Calculating $\mu_0$, $\mu_1$ and $\mu_2$; defining F and delta[n] for higher n.

f[x_] := mu x (1 - x)


(* Numerically, find the values μ_n at which the 2^n cycle is superstable, for the first few values of n. *)(* Superstable orbits contain 1/2. *)

(* We choose an initial value for x_0 to find bifurcation points; we chose x_0=1/2, because why not *)

eq0 = f[1/2] == 1/2;
mu0 = mu /. N[Solve[eq0, mu]][[1]]


2.

m = {};
AppendTo[m, mu0]


{2.}

eq1 = f[f[1/2]] == 1/2;
mu /. N[Solve[eq1, mu]]


{2., -1.23607, 3.23607}

(* There are three roots here. We can use FindRoot to find a numerical solution; if we start near the expected solution, perhaps we'll get it. *)
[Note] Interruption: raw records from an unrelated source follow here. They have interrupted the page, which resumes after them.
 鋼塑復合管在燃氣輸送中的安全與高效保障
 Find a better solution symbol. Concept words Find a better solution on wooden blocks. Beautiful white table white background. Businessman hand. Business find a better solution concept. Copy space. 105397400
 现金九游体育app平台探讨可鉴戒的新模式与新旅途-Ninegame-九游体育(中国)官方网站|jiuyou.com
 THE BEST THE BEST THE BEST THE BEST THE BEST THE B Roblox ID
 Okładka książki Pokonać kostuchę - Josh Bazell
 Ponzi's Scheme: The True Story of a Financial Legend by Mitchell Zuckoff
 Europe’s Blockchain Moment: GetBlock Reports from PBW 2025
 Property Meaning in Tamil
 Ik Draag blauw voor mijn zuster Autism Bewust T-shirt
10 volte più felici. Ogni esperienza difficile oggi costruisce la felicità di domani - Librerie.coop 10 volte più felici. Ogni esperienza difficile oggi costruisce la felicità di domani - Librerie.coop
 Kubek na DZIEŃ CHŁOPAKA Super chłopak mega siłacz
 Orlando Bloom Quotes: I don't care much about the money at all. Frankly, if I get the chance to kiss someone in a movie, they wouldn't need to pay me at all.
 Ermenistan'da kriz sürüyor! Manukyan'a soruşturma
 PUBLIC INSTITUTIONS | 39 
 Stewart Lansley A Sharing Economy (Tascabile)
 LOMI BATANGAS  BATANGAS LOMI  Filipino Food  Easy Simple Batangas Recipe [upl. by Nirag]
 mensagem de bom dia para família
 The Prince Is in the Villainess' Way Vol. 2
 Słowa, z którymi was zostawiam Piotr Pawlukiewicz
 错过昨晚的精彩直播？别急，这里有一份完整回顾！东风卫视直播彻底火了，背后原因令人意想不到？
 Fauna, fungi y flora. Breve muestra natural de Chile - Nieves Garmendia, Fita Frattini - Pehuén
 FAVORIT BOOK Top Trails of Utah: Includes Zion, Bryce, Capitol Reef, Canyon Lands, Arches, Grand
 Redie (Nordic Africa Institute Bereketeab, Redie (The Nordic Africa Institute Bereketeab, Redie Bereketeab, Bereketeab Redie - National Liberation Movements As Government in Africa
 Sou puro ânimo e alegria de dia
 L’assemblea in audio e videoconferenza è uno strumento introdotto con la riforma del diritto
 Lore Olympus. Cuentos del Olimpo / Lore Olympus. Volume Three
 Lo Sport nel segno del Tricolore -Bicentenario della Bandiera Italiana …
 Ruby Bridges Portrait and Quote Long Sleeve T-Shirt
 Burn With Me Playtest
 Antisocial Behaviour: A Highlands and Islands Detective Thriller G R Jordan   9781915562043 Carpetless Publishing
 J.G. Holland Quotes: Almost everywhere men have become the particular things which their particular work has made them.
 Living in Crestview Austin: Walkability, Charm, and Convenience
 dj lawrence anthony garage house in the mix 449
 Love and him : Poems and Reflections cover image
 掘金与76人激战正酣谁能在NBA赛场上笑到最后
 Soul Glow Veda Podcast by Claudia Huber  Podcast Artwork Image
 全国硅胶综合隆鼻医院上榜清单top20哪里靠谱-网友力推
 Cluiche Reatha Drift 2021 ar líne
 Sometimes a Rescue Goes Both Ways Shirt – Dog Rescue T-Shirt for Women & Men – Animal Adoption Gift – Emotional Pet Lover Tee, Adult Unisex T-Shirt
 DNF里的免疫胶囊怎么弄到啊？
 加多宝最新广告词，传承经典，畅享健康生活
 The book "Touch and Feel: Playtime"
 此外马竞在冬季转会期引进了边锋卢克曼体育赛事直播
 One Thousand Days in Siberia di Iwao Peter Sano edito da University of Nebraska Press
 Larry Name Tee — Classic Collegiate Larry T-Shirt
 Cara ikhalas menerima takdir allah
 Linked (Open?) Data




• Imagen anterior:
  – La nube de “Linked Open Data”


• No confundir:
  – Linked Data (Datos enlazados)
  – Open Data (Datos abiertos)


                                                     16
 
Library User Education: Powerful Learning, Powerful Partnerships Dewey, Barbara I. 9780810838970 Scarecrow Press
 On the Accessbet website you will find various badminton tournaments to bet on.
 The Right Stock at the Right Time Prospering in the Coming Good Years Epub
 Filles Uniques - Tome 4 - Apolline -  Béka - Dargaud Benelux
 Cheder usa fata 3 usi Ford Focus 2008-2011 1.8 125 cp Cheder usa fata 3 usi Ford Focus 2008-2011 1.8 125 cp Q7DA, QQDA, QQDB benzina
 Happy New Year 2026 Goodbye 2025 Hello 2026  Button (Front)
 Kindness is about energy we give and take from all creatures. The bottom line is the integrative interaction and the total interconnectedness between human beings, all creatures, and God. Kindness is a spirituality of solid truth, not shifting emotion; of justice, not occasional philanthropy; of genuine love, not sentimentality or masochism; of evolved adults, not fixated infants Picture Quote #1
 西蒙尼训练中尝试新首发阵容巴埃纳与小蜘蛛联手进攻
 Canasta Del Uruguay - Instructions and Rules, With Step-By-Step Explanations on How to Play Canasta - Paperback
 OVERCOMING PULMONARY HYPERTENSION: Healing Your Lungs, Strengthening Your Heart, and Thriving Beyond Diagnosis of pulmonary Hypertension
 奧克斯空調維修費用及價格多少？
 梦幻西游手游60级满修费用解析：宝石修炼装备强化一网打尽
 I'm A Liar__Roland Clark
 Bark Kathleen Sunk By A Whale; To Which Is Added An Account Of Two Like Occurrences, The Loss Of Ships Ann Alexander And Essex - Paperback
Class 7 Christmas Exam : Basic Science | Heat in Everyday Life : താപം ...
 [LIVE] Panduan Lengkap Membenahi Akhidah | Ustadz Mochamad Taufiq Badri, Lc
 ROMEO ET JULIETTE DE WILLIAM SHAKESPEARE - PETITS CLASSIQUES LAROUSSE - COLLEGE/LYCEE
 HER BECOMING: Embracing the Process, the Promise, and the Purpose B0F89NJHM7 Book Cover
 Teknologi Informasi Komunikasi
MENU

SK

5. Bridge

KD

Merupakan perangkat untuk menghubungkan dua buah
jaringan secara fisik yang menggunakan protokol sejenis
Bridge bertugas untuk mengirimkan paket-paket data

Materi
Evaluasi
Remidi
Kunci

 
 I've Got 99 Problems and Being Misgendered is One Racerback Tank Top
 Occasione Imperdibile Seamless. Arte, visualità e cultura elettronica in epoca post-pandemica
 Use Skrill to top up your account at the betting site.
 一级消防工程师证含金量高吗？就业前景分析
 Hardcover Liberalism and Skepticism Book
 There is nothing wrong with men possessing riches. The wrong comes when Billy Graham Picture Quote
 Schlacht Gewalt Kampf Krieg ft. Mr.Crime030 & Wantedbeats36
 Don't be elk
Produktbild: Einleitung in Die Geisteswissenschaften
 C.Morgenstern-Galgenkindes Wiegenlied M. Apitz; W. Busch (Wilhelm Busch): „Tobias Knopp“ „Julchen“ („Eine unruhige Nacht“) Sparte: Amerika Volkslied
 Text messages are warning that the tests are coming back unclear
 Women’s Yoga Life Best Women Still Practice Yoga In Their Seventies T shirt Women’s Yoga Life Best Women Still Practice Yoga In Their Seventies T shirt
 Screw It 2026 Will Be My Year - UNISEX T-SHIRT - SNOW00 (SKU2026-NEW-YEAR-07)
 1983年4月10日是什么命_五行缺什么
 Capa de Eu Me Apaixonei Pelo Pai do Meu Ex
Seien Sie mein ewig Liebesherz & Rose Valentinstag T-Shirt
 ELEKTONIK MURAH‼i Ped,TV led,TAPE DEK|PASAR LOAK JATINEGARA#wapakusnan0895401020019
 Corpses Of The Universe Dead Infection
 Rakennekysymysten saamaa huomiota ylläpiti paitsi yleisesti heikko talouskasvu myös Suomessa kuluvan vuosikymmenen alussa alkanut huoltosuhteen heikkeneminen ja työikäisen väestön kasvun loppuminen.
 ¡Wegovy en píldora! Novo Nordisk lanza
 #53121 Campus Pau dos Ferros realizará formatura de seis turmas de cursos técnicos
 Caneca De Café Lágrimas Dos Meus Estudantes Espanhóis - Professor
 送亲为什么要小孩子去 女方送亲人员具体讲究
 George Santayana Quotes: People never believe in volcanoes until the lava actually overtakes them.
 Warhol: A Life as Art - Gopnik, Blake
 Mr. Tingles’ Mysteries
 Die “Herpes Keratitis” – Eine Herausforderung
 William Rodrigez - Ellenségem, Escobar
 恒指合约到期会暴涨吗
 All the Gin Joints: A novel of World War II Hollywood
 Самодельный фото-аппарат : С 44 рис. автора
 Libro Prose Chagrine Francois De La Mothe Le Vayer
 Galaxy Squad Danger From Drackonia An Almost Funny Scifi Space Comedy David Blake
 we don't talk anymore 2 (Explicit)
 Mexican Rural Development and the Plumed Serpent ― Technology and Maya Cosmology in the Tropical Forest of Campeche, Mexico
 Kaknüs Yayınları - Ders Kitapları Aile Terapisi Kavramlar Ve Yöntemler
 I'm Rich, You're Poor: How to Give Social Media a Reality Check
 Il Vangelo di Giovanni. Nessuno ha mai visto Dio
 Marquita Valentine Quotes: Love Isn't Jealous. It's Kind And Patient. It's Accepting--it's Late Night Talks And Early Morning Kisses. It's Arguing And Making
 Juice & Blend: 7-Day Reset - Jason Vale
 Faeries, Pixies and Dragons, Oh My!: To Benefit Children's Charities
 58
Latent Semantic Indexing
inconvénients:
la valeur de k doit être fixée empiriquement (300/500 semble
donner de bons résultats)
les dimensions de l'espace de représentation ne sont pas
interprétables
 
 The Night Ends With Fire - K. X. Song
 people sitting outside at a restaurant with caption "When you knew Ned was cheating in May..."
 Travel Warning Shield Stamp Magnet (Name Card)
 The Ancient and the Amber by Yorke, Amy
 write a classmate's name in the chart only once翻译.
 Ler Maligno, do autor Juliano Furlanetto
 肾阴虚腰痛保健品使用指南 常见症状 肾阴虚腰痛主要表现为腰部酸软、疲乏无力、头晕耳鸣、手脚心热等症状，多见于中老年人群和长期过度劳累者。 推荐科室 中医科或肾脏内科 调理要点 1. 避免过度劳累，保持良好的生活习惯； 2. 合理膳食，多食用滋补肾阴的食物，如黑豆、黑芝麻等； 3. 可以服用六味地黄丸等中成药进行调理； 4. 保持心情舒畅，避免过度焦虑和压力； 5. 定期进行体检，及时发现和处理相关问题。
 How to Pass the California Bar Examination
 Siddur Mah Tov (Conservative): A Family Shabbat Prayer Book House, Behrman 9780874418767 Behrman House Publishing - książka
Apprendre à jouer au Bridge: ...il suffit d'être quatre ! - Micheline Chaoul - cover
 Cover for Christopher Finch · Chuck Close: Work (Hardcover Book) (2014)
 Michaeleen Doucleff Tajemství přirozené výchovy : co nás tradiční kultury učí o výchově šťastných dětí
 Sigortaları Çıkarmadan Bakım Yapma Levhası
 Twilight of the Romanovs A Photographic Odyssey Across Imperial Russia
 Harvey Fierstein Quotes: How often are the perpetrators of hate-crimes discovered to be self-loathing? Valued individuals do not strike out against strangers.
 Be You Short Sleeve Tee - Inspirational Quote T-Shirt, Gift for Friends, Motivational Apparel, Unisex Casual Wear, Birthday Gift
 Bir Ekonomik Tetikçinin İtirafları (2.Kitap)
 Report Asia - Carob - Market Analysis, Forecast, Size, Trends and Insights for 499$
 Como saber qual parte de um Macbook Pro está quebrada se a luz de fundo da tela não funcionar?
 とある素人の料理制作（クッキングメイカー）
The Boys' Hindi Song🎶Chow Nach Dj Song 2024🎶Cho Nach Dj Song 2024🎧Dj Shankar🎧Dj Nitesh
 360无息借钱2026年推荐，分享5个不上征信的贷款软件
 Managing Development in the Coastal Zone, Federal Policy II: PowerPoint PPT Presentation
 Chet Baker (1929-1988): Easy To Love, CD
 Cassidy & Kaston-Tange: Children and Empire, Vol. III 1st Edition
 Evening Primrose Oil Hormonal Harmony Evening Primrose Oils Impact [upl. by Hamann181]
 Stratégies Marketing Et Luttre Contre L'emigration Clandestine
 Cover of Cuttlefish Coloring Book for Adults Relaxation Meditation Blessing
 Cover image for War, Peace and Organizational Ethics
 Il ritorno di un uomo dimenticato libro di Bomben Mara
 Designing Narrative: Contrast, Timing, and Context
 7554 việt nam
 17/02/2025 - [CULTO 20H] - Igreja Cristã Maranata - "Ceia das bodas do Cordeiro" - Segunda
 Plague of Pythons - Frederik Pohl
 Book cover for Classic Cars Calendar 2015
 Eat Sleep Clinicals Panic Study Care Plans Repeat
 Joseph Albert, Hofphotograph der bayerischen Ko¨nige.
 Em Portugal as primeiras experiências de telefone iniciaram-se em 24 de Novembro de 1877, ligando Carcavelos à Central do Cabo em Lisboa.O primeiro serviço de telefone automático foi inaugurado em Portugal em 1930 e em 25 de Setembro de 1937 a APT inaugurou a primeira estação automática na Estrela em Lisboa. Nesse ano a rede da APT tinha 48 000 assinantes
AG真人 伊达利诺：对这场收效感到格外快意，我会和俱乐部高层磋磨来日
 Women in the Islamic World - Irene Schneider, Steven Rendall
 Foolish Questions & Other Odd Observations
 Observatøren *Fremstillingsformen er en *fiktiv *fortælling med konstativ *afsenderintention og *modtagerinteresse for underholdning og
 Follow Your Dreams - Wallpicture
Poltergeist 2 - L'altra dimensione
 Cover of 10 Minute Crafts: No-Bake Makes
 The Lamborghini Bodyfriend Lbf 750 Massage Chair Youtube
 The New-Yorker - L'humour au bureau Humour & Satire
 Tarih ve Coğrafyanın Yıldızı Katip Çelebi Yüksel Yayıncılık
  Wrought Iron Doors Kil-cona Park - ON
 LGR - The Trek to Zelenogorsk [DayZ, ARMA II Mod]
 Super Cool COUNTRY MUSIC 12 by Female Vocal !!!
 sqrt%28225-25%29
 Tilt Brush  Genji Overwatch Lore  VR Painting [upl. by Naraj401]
max = First[Select[mu /. N[Solve[eq1, mu]], # > m[[1]] &]]


3.23607

FindRoot[f[f[1/2]] == 1/2, {mu, max}];
mu1 = mu /. %


3.23607

AppendTo[m, mu1]


{2., 3.23607}

(* To get the later bifurcation points μ[n], we need a function which iterates f many times. In Mathematica, the standard method (Nest) actually expands the composition out algebraically before plugging in: iterating f 2^12 times involves generating an expression of order 2^12-1 long in mu. We use old-fashioned iteration to speed things up. Unfortunately, Mathematica does things algebraically unless we insist otherwise. We insist that x and mu be real numbers before iterating! *)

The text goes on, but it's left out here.